Late Blight is the other tomato plant disease which produces dark spots on the leaves which turn brown and then papery. Late blight can cause the entire plant to collapse all at once. The smell is also quite awful. This tomato plant disease is caused by a fungus that is favored by wet weather. The spores can travel great distances to affect plants. Blight can also occur after a sudden drop in temperature. To combat this tomato plant disease, avoid over-crowding and try to enhance air circulation among the plants. This can be achieved by using the methods of staking, caging and also pruning. You should also try to keep the leaves dry to avoid Late blight; it is a disease that thrives on moisture.

Septoria Leaf Spot is caused by a fungus which begins as yellow dots, but quickly turn into brown zones surrounded by yellow halos. The cells in the center of the spots die and turn whitish. This tomato plant disease calls for removal of the infected leaves.

Tobacco Mosaic Virus is yet another type of disease that affects tomato plants. It occurs when the leaves of the tomato plant take on a mottled yellow appearance. This can lead to a stringy growth habit, particularly in cool weather. This virus can live on a plant for 50 years and although there isn't any known cure for it, there are ways to keep the disease under control. If you have a contaminated plant, the disease can easily be transferred to other plants if the virus gets on your hands and gardening tools. The main solution to controlling the spread of the virus to the rest of the crop is through sanitation. Be sure to soap and wash your hands on a regular basis as you transplant. When it comes to your tools it would also be wise to immerse them in boiling water for a short time before adding them to a potent detergent.
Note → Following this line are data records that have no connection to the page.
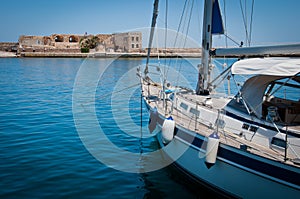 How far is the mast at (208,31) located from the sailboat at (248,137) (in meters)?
0.99

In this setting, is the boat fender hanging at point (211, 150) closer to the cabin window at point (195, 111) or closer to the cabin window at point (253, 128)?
the cabin window at point (253, 128)

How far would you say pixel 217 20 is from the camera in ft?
34.6

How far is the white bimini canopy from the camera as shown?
20.6ft

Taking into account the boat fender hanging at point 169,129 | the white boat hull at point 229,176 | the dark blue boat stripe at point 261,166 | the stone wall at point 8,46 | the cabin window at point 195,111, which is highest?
the stone wall at point 8,46

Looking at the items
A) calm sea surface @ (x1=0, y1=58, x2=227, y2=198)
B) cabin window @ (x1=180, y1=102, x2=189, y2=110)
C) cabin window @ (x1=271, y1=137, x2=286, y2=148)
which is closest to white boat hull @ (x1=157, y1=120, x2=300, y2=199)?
calm sea surface @ (x1=0, y1=58, x2=227, y2=198)

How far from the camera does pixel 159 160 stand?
34.2 feet

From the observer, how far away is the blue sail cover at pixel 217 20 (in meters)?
10.4

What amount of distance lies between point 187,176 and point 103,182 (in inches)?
100

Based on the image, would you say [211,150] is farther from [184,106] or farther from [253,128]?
[184,106]

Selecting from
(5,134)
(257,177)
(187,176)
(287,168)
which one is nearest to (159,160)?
(187,176)

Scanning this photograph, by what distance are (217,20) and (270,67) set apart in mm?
4476

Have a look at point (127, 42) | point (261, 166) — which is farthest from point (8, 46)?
point (261, 166)

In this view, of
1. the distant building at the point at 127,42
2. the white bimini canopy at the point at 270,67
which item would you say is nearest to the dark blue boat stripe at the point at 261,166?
the white bimini canopy at the point at 270,67

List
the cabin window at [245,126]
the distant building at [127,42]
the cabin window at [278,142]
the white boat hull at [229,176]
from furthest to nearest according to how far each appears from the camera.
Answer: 1. the distant building at [127,42]
2. the cabin window at [245,126]
3. the cabin window at [278,142]
4. the white boat hull at [229,176] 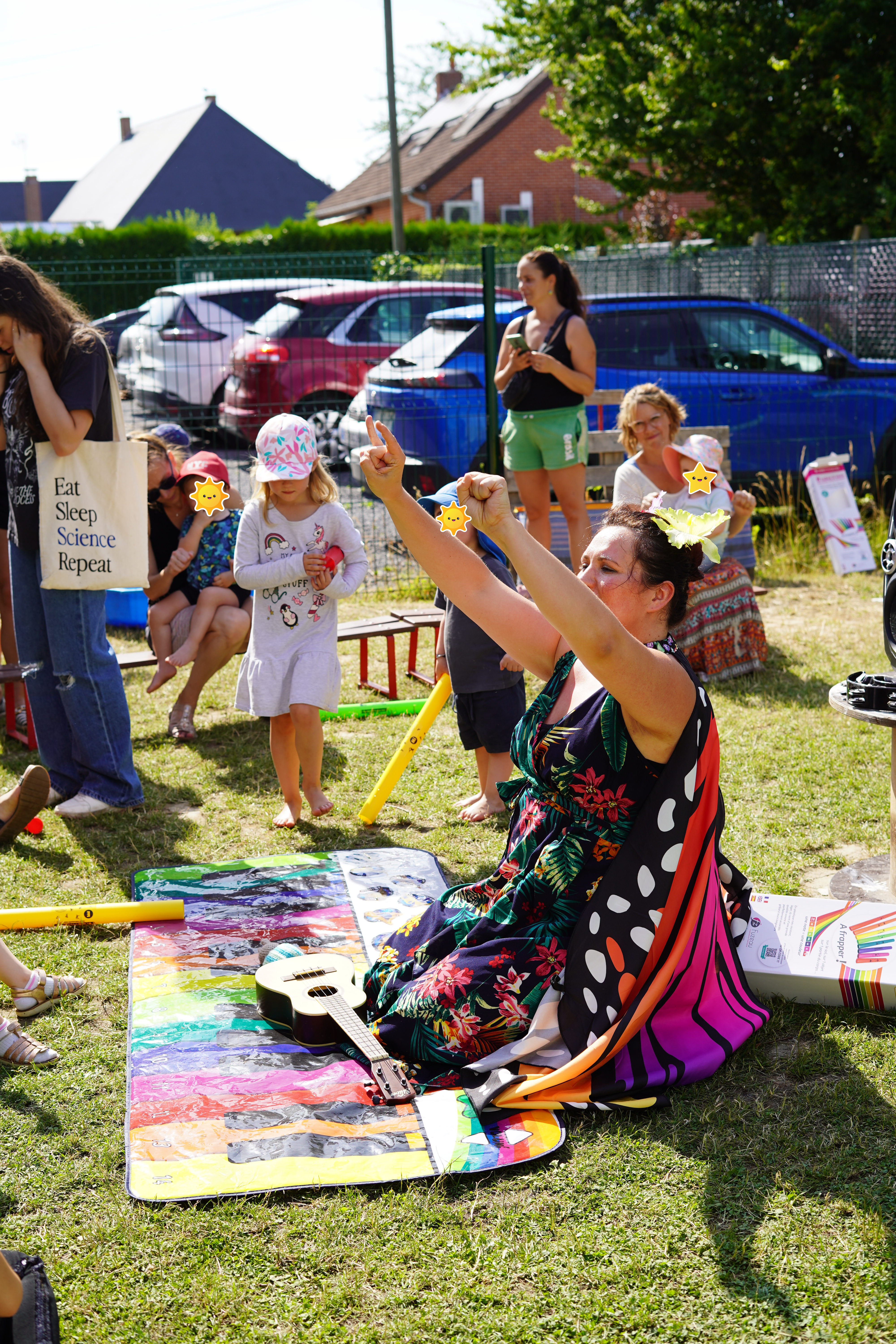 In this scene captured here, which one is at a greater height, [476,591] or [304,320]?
[304,320]

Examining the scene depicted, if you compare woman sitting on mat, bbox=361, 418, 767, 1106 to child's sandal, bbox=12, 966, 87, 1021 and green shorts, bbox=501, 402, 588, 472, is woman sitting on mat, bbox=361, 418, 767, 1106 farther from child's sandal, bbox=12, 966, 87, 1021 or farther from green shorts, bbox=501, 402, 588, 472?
green shorts, bbox=501, 402, 588, 472

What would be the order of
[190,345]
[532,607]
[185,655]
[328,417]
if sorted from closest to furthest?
[532,607] < [185,655] < [328,417] < [190,345]

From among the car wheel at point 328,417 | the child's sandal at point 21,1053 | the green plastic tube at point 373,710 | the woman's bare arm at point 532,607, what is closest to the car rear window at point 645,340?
the car wheel at point 328,417

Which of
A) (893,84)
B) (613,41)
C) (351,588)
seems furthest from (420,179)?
(351,588)

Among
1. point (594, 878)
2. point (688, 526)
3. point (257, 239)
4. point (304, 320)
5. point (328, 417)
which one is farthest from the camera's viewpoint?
A: point (257, 239)

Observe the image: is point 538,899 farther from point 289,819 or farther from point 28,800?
point 289,819

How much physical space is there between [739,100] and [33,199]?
54710 millimetres

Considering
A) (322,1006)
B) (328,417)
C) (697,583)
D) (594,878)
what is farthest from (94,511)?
(328,417)

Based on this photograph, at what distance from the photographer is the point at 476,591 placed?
2969 mm

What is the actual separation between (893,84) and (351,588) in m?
11.7

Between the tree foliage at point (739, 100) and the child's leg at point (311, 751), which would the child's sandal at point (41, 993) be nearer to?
the child's leg at point (311, 751)

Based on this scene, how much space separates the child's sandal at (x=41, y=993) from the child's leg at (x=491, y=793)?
5.77 feet

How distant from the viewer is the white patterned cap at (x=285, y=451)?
4.50m

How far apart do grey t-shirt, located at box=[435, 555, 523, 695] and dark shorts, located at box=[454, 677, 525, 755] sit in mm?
36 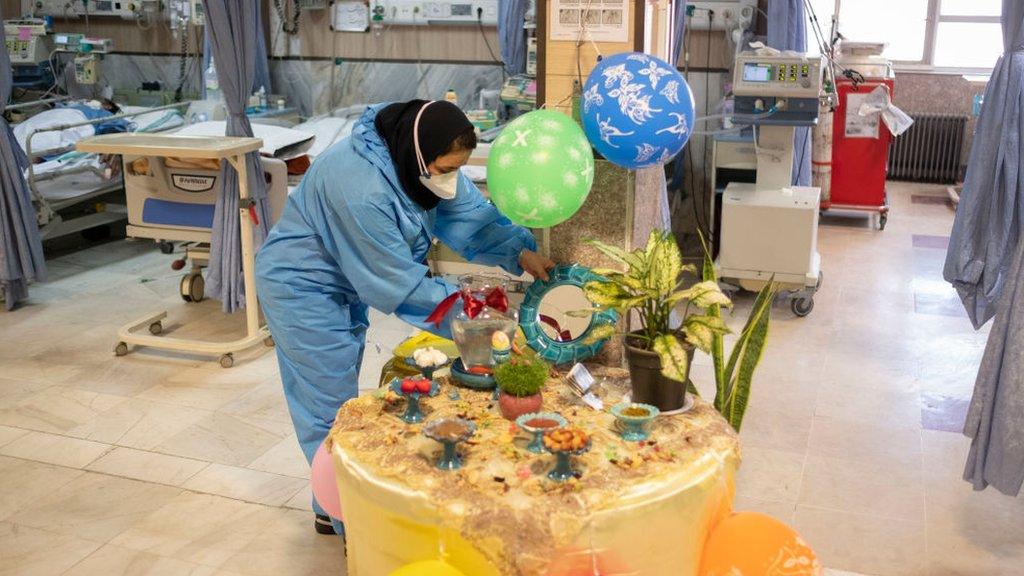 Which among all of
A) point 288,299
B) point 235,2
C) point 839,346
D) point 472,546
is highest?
point 235,2

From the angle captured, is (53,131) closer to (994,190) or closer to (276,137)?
(276,137)

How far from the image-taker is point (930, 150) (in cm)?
874

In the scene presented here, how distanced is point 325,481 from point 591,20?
1552 mm

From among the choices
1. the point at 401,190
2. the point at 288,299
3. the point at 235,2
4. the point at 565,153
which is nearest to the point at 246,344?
the point at 235,2

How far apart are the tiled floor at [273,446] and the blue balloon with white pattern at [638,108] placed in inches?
59.0

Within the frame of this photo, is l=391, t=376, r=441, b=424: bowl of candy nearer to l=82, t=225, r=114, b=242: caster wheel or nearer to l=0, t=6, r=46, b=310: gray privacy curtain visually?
l=0, t=6, r=46, b=310: gray privacy curtain

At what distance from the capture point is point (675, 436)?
2488 millimetres

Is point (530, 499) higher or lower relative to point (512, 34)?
lower

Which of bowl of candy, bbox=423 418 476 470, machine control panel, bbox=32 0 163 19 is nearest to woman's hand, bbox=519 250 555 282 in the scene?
bowl of candy, bbox=423 418 476 470

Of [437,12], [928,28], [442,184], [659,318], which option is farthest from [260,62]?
[659,318]

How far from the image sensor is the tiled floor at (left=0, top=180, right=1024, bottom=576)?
3.40 m

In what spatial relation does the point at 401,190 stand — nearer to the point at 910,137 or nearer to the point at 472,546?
the point at 472,546

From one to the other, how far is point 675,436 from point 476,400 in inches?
21.1

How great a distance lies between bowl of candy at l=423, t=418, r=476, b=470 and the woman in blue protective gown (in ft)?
1.73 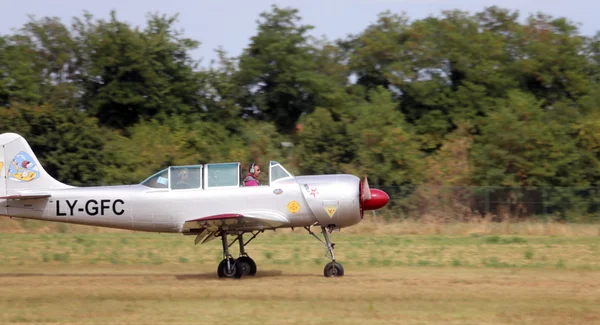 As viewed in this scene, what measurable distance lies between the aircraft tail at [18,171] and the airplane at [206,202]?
0.06ft

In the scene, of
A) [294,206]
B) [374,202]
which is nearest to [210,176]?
[294,206]

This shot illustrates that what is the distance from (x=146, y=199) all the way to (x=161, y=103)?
86.7ft

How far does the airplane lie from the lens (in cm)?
1328

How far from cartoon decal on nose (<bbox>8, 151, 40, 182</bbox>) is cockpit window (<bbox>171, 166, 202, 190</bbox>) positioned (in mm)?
2774

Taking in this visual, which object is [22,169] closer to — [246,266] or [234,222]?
[234,222]

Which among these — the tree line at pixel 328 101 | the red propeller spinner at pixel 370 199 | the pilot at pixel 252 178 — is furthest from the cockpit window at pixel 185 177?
the tree line at pixel 328 101

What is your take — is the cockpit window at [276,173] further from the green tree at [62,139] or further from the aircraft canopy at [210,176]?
the green tree at [62,139]

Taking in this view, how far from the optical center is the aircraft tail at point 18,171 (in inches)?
557

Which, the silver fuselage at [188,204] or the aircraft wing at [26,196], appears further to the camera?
the aircraft wing at [26,196]

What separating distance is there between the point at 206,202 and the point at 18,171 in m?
3.77

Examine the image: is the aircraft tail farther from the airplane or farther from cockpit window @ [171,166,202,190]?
cockpit window @ [171,166,202,190]

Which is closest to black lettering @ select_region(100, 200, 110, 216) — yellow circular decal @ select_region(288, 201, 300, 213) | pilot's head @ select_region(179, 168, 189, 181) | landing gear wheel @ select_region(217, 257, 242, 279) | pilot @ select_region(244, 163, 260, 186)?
pilot's head @ select_region(179, 168, 189, 181)

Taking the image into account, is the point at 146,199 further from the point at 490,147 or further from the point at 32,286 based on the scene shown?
the point at 490,147

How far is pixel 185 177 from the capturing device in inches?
539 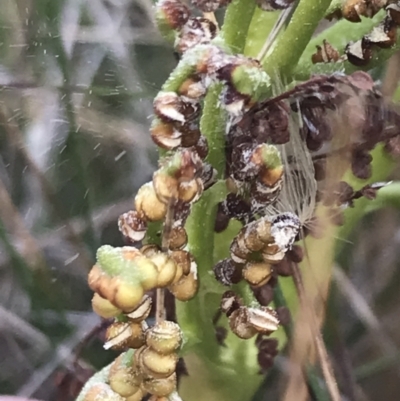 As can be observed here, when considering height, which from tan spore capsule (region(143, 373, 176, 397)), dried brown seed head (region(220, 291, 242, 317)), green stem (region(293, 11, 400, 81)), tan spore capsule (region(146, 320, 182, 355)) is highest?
green stem (region(293, 11, 400, 81))

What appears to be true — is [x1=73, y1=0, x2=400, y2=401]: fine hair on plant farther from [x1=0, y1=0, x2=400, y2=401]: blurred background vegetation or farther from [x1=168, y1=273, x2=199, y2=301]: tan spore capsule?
[x1=0, y1=0, x2=400, y2=401]: blurred background vegetation

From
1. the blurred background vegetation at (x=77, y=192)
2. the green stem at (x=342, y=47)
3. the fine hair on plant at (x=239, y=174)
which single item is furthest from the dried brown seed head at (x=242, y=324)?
the blurred background vegetation at (x=77, y=192)

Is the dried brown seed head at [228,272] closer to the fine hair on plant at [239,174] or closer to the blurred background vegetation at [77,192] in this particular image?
the fine hair on plant at [239,174]

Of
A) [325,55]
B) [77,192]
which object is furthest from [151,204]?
[77,192]

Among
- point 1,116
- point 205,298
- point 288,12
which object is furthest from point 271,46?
point 1,116

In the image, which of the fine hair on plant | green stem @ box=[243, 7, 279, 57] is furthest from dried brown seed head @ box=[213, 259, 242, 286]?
green stem @ box=[243, 7, 279, 57] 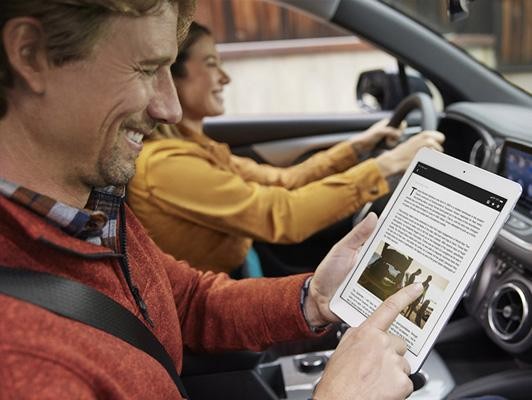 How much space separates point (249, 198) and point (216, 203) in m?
0.08

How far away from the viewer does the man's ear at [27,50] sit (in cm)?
78

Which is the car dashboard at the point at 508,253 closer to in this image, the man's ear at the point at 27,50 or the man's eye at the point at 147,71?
the man's eye at the point at 147,71

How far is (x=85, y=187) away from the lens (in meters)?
0.90

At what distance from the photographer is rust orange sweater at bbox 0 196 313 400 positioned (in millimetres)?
722

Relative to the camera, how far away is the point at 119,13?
82 cm

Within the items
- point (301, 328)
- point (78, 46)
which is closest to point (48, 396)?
point (78, 46)

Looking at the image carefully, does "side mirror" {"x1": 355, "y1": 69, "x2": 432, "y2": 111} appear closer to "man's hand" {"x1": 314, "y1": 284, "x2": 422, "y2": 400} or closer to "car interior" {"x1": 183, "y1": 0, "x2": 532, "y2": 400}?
"car interior" {"x1": 183, "y1": 0, "x2": 532, "y2": 400}

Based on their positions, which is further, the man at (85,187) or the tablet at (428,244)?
the tablet at (428,244)

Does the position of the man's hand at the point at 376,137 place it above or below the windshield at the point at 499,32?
above

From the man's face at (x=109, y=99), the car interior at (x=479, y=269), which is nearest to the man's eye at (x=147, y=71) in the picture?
the man's face at (x=109, y=99)

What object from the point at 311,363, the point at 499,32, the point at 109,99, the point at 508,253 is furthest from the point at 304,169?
the point at 499,32

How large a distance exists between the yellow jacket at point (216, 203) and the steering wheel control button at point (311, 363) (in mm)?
281

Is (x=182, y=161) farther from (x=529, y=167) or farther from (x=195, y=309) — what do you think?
(x=529, y=167)

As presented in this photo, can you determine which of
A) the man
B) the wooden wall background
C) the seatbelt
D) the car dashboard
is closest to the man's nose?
the man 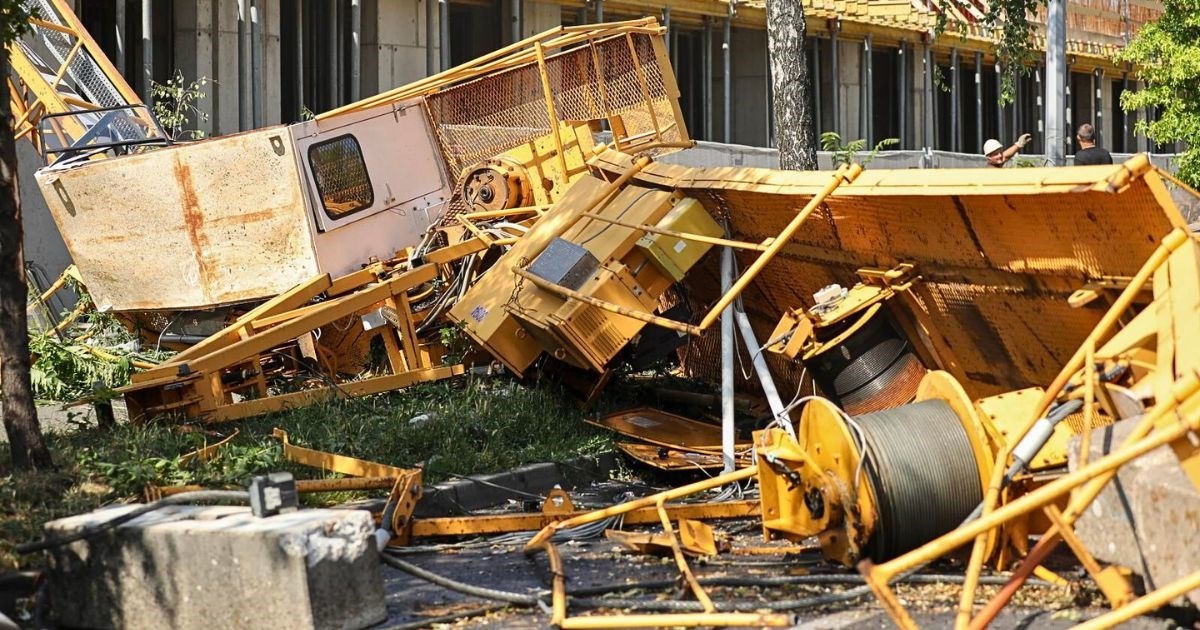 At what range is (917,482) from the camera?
625cm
Next, uproot the seedlings that are plagued by the disease and destroy them immediately. Even after you have done away with the contaminated plants, you wash your hands and sterilize your tools before working with the other plants. Finally, when purchasing your plants, choose varieties denoted with a "T" on the seed package or plant marker.

Solution to low tomato yields

You may have huge towering plants which only produce a few tomatoes for the entire season. If this happens, it may be that you are applying too much nitrogen fertilizer. It is best to apply a balanced fertilizer high in phosphorus (the second number in the formula). Using a large nitrogen number would cause more leaf growth then tomato fruit production. A good natural plant hormone that helps blossoms set fruit is also worth trying.